Macs don't have to be treated like a dirty little secret ... Now, from an IT perspective, it's just another client.
John Dasher,
director of project management, PGP Corp.

Nothing.

"Compliance tends not to be a letter grade exercise -- it's pass or fail," said John Dasher, director of product management at PGP Corp. in Menlo Park, Calif. "If you're a Windows organization and 95% of your clients are protected because they're Windows, and 5% fail because they are Macs, you fail compliance for the company."

Whole-disk laptop encryption has gotten very popular in the last couple of years. Enormous numbers of laptops are lost or stolen each year, exposing credit card numbers and other personally identifiable information, including confidential business information such as intellectual property and memos about proposed mergers and acquisitions. If security isn't enough to make your organization shell out the money to encrypt its laptops, Payment Card Industry Data Security Standard (PCI DSS) and various privacy statutes could do the trick. The vast majority of corporate laptops run Windows, but a small but growing number run Mac OS X -- enough to make enterprises and security vendors take notice.

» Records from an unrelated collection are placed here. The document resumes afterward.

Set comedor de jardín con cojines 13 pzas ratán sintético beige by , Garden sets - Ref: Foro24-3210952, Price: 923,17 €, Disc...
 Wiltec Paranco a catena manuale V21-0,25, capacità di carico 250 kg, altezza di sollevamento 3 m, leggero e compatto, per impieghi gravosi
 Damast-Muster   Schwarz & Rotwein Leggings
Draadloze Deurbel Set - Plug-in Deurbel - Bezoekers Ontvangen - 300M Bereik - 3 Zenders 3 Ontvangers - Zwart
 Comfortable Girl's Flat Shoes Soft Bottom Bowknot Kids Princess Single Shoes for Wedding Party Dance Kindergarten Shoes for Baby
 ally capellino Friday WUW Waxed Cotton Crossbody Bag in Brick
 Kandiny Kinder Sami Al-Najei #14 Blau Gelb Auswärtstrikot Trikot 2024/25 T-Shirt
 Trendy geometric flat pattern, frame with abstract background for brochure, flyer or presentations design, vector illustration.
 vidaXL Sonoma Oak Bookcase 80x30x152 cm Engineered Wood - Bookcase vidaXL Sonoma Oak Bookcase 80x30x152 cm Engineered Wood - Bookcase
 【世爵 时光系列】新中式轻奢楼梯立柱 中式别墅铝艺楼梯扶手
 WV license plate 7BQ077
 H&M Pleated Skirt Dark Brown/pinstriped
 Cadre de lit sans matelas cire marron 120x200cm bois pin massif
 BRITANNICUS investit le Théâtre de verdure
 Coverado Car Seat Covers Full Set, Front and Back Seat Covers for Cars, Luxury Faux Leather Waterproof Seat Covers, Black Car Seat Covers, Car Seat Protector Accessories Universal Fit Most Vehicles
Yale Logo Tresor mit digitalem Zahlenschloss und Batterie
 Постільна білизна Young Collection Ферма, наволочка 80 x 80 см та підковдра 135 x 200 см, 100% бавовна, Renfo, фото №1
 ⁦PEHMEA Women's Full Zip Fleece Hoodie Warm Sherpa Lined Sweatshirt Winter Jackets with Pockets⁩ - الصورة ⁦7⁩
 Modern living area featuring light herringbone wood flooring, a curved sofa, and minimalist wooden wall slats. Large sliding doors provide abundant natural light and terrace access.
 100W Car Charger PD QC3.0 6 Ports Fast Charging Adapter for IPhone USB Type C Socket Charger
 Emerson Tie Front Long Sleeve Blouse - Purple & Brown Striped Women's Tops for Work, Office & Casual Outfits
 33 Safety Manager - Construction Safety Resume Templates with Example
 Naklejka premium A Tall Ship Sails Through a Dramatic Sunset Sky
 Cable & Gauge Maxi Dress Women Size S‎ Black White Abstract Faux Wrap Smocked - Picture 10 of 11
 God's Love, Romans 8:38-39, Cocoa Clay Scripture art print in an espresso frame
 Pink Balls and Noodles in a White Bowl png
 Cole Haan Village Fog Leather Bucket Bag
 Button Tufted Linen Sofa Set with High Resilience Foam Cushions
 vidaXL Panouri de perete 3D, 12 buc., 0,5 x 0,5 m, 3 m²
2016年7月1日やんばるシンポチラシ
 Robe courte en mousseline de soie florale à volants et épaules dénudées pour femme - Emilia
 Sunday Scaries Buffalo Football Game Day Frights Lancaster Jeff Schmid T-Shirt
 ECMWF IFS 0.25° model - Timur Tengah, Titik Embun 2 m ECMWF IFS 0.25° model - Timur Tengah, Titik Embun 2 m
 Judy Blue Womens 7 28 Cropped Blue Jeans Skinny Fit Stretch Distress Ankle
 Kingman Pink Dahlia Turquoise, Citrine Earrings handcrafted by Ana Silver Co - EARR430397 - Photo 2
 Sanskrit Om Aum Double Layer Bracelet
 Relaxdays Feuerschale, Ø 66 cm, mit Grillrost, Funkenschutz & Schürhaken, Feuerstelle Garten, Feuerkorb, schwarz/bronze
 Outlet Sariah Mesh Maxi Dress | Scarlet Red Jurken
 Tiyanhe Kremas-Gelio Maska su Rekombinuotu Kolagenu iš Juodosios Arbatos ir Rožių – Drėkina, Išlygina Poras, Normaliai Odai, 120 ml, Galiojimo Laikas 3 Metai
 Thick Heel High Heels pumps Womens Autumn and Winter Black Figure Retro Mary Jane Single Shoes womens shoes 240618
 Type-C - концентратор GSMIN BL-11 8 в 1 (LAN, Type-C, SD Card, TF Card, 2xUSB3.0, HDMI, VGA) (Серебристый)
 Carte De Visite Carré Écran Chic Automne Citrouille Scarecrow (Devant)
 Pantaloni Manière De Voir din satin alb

"Probably five years ago, we weren't seeing very many Macintoshes on campus, either for students or faculty," said Jon Allen, Baylor University's information security officer. "For students coming on campus now, it's amazing the number of Macs we're seeing, and, as a result, faculty staff have taken notice, so we are seeing a shift to more people adopting the Macs."

There are enough Macs to make them an important part of Baylor's program. The university is encrypting all employee laptops to comply with Texas privacy legislation. Baylor has encrypted some 600 Windows laptops with PGP Whole Disk Encryption, with perhaps 300 more machines, including as many as 150 Macs, to go. Mac encryption is now possible with the introduction of support for OS X, which was announced in June, shortly after Check Point Software Technologies Ltd. made a similar announcement for its full-disk encryption product.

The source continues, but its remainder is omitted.